Una testimonianza che più di altre, forse, restituisce una immagine plastica di quello che è diventato ormai l’ospedale Cardarelli in questa seconda ondata di coronavirus. Il racconto che fa Alberto Tramontano è prima di tutto lo sfogo di un figlio preoccupato per la salute del padre ma anche il grido di allarme di un amministratore della città (consigliere comunale di Campobasso della Lega, stesso schieramento del governatore Toma), che guarda il problema anche sotto l’aspetto politico e denuncia un sistema sanitario non in grado di far fronte all’emergenza.
«Sono una persona riservata e non abituata a mettere in piazza le proprie situazioni personali, ma in questo tempo è necessario per tentare di svegliare le coscienze obnubilate si chi sta governando le dinamiche sanitarie del nostro Molise. Sabato 28 novembre alle 16.30 circa, mio padre ha avuto un arresto cardiaco, conseguente ad una crisi ipoglicemica. È stato soccorso presso la sua abitazione dai medici del 118. Dopo un’ora circa l’ambulanza trasporta mio padre, in coma, al pronto soccorso del Cardarelli. Riceve prontamente assistenza dai medici e dagli infermieri del Pronto soccorso, che ringrazio per la professionalità e l’umanità, viene poi assistito dal personale del reparto di rianimazione e ci comunicano, verso le 21, che mio padre dovrà essere trasferito ad Isernia. A perché la terapia intensiva del Cardarelli è interamente dedicata ai pazienti affetti da Covid-19 e può accogliere solo pazienti affetti da Covid-19!
Chiedono di formalizzare il nostro consenso al trasferimento, come se avessimo avuto delle alternative!
Immaginate la sorpresa e la rabbia: mio padre non può essere ricoverato al Cardarelli perché tutti i posti in terapia intensiva sono dedicati ai pazienti Covid, allora immaginiamo che sarà trasferito all’ex Cattolica/Gemelli Molise dove peraltro mio padre è stato in cura e che dista 200 metri dal Cardarelli!

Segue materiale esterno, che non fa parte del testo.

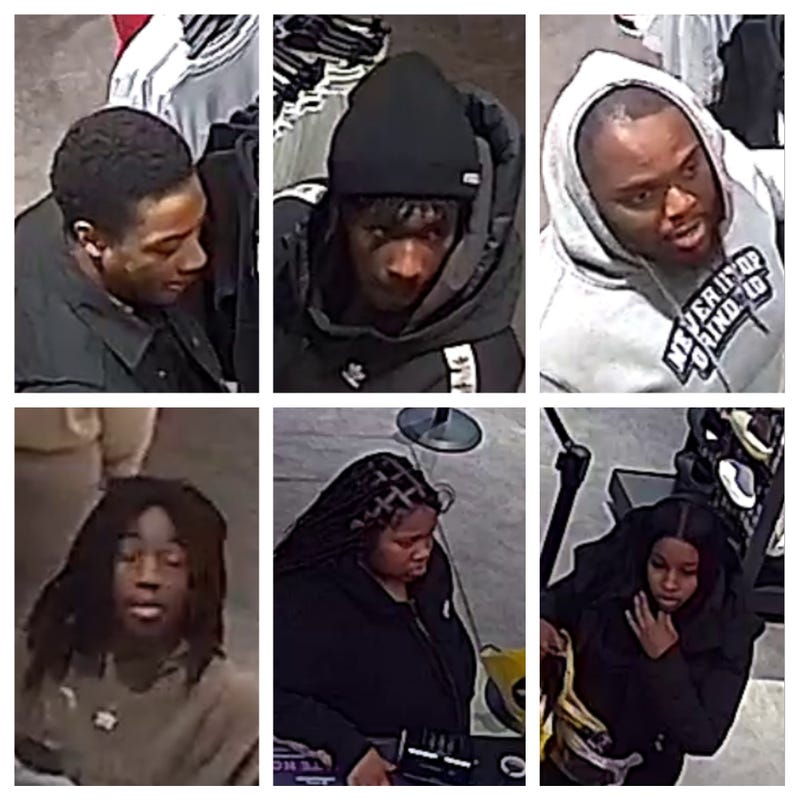 Retail fraud suspects are pictured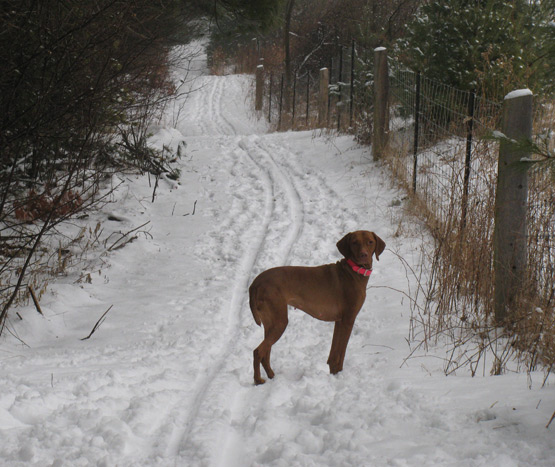 Tanga enjoys skiing too.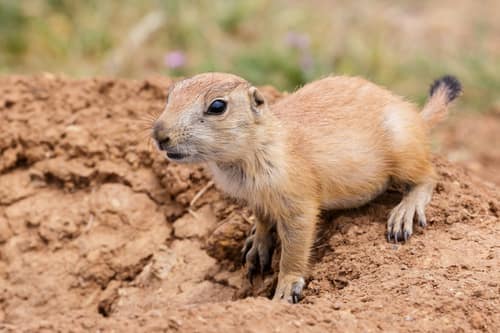Black-tailed Prairie Dog reference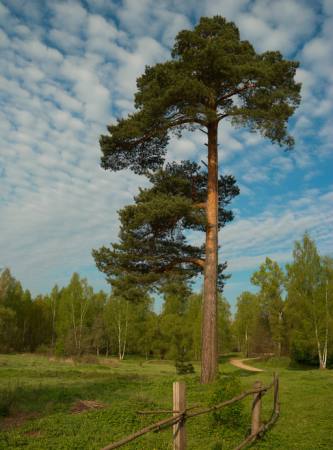 drzewa, ogród, pole, natura, ogrodzenia, drogi, zieleń Konstantin Gushcha - Dreamstime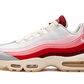 Nike Air Max 95 Anatomy of Air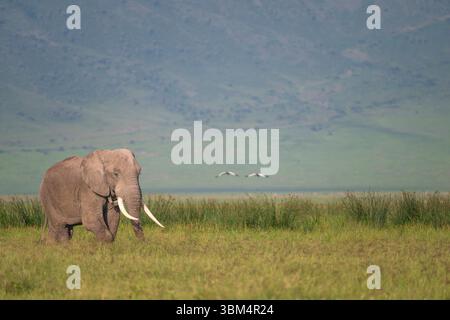 Afrika, Tansania, Ngorongoro Conservation Area. Elefant im Feld. Stockfoto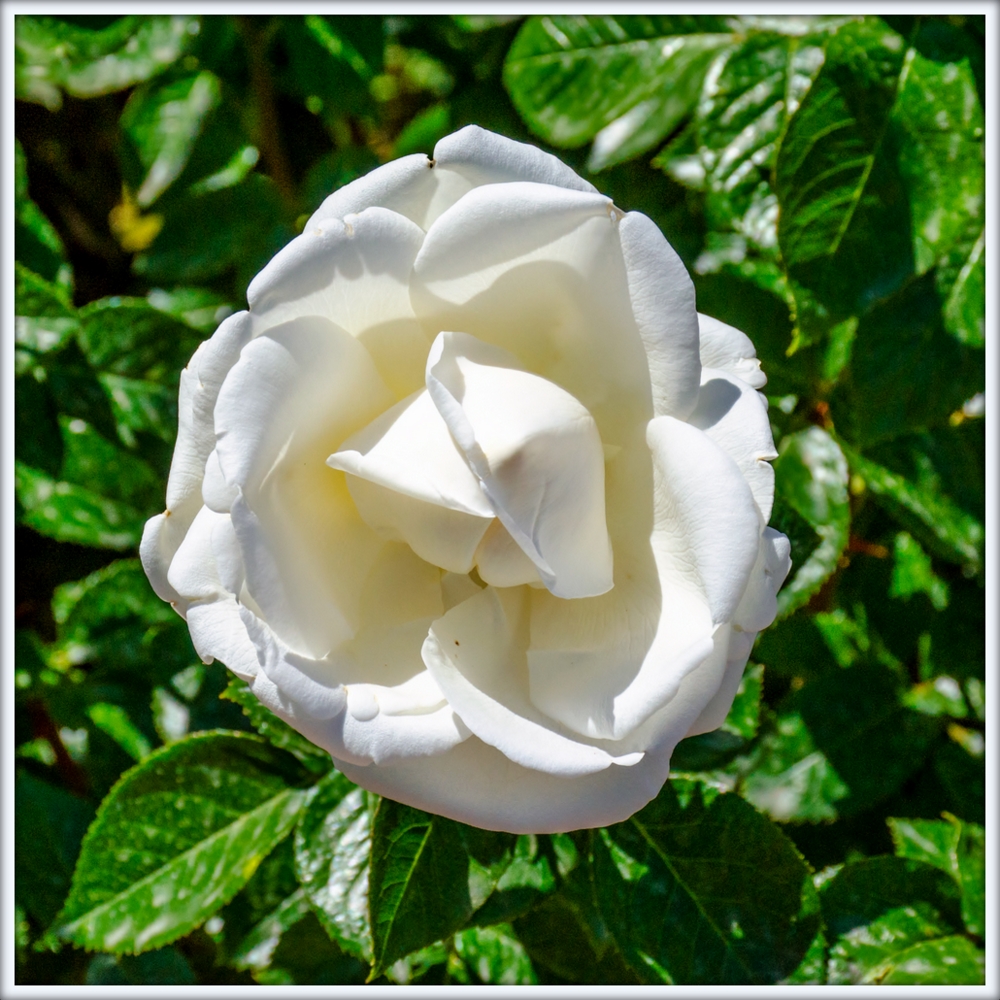 DSC_2429.jpg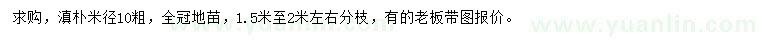 求購米徑10公分滇樸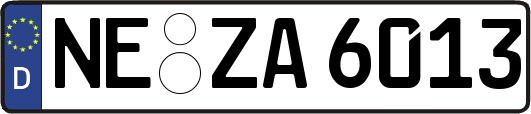 NE-ZA6013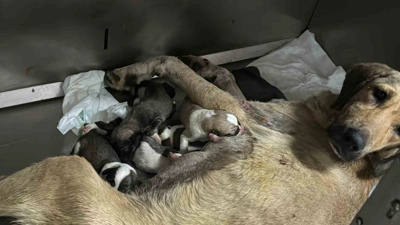 Otomobilin çarptığı hamile köpek doğum yaptı; 8 yavrusundan 1'i öldü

Invece no, il protocollo prevede che i malati gravi No- Covid siano trasferiti ad Isernia.
Io cittadino ed amministratore della città di Campobasso ho vissuto un senso di frustrazione, di rabbia e incredulità. Ho dovuto seguire, con i miei familiari, l’ambulanza che trasportava mio padre fino ad Isernia.
Lì c’è stato comunicato che il giorno dopo, dalle 13 alle 14, avremmo potuto telefonare per avere notizie. Immaginate lo stato d’animo mio e dei miei familiari.
Sulla base di questa drammatica esperienza personale si possono trarre alcune considerazioni:
– il Cardarelli di Campobasso ormai è un centro Covid, tutto il resto è residuale.
– il Pronto soccorso del Cardarelli è un luogo di smistamento, chi non è affetto da Covid viene trasferito in altri ospedali in regione o fuori regione.
– chi non ha o semplicemente non cerca Santi in Paradiso, resta nell’incertezza, non sa cosa fare, non sa con chi parlare e si affida al buon Dio.
– il dibattito, spesso strumentale e surreale sull’individuazione di un centro Covid, che non fosse il Cardarelli di Campobasso, ha fatto rilevare l’inadeguatezza dei decisori politici e tecnici, che hanno perso mesi preziosi per fare nulla.
Il risultato è che già prima del Covid-19 era difficile curarsi in Molise, ora è diventato quasi impossibile (se non si vuole o non si può accedere ai servizi sanitari a pagamento o non si vogliono chiedere raccomandazioni per ricevere cure mediche).
– il Covid è una tragedia e come tale va affrontata, ma non a discapito di tutto e tutti: malattie croniche, acute, cardiovascolari, oncologiche, metaboliche, pediatriche, etc… richiedono interventi tempestivi e di qualità e invece tanti nostri concittadini non stanno ricevendo cure appropriate o stanno addirittura rinunciando a curarsi.
Questa storia, il cui epilogo è ancora incerto, rappresenti un monito e un appello: curarsi è un diritto dei cittadini, “curare” è un dovere non solo dei medici, ma anche di chi governa e decide, se ne è capace».